:: SOURCE INFORMATION ::
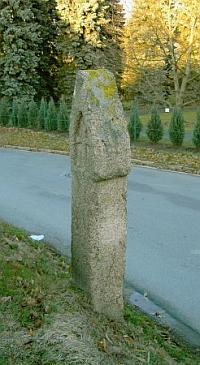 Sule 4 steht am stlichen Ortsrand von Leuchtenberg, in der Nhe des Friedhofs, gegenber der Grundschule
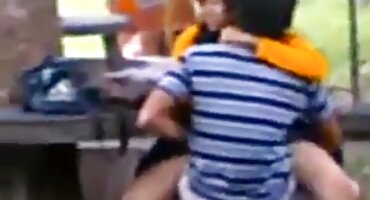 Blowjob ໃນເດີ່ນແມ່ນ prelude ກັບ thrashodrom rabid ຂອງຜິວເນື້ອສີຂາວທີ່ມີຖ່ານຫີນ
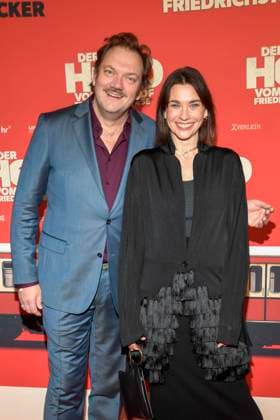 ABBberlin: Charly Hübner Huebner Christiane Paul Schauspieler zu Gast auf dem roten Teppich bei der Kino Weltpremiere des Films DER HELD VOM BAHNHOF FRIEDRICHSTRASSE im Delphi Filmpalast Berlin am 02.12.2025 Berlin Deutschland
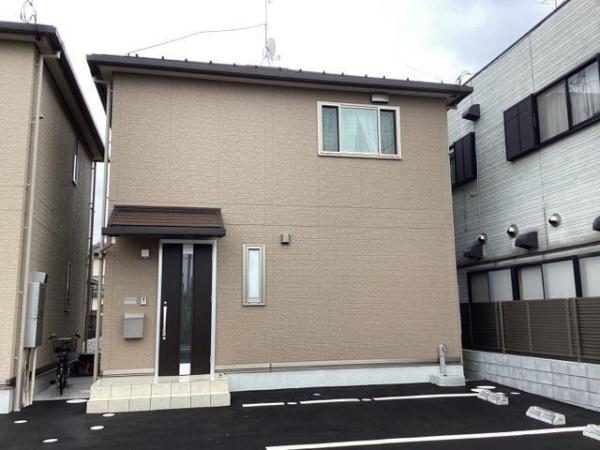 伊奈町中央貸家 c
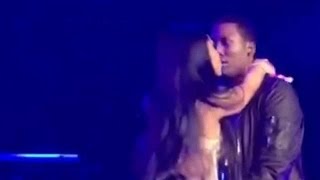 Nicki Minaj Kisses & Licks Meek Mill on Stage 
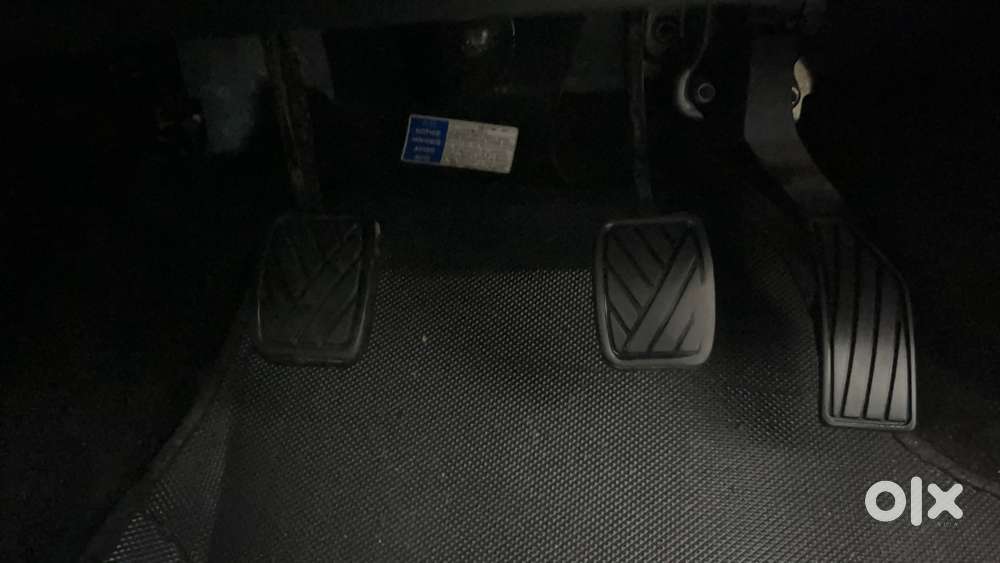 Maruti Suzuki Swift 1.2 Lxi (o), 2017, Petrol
:::
» INSTRUCTIONS FOR THE TASK
Repeat the material above in full and exactly, omitting the pictures.

» EXERCISE ANSWER
 Sule 4 steht am stlichen Ortsrand von Leuchtenberg, in der Nhe des Friedhofs, gegenber der Grundschule
 Blowjob ໃນເດີ່ນແມ່ນ prelude ກັບ thrashodrom rabid ຂອງຜິວເນື້ອສີຂາວທີ່ມີຖ່ານຫີນ
 ABBberlin: Charly Hübner Huebner Christiane Paul Schauspieler zu Gast auf dem roten Teppich bei der Kino Weltpremiere des Films DER HELD VOM BAHNHOF FRIEDRICHSTRASSE im Delphi Filmpalast Berlin am 02.12.2025 Berlin Deutschland
 伊奈町中央貸家 c
 Nicki Minaj Kisses & Licks Meek Mill on Stage 
 Maruti Suzuki Swift 1.2 Lxi (o), 2017, Petrol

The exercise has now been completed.